Though jazz music had its beginnings in the American post-war twenties, no other style of music has had such a lasting impression on popular media. We no longer hear jazz as we think of it in its purest form on popular radio, or talk about it at the proverbial water cooler, but that doesn’t mean classical jazz music isn’t all around us. Some of the many ways we are exposed to this music in everyday life are:
*Through movie soundtracks
*On children’s cartoons and entertainment
*During television and internet media commercials
*At restaurants, clubs and bars
*At dance halls, especially those hosting jazz dance nights
*On radio stations, both traditional and online streams
Indeed, classic jazz artists can find many great avenues for getting their music out to a large audience, even and perhaps most especially in the tech-driven world of today.
Jazz, Jazz Everywhere!
Whereas musicians in the 1920’s and 1930’s had to rely purely on performance, radio and print advertisement to make a name for themselves, modern jazz artists have a much larger platform.
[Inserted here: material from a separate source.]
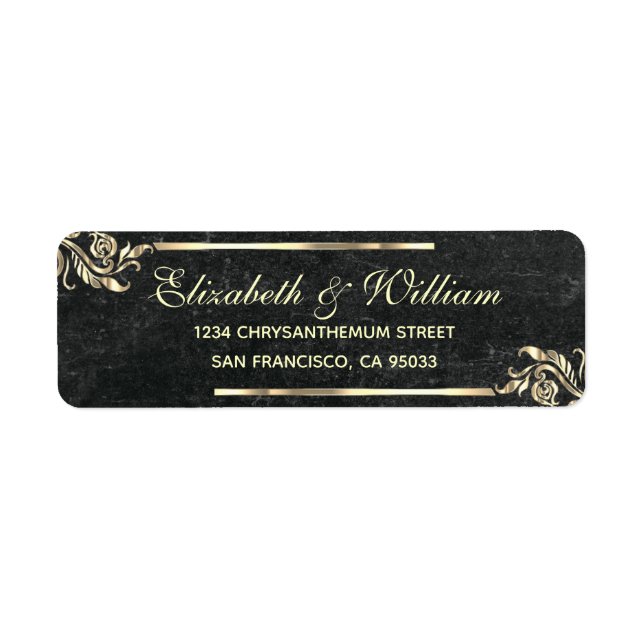 Elégant luxe Gold stone Retourner Adresse Label (Devant)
Even more localized performers enjoy a wide variety of avenues to success via social media, digital radio and other advancements of the modern day. Los Angeles artist Sylvia Brooks has her own website, where a reader can find numerous glowing reviews, quotes from local radio personalities, and other promotional material, as well as links to her listen to a sampling of her music. Hers is simply one example of how the digital age has given a face lift to a music style born nearly a century ago.
Though modern classic jazz artists do perform in a world where they can reach an audience across the globe with the click of a button, their musical stylings – rich with decades of heritage and devotion from fans of all ages – remain consistent. Perhaps that is what continues to make jazz music worth sharing in an era where it should be out of place, but isn’t.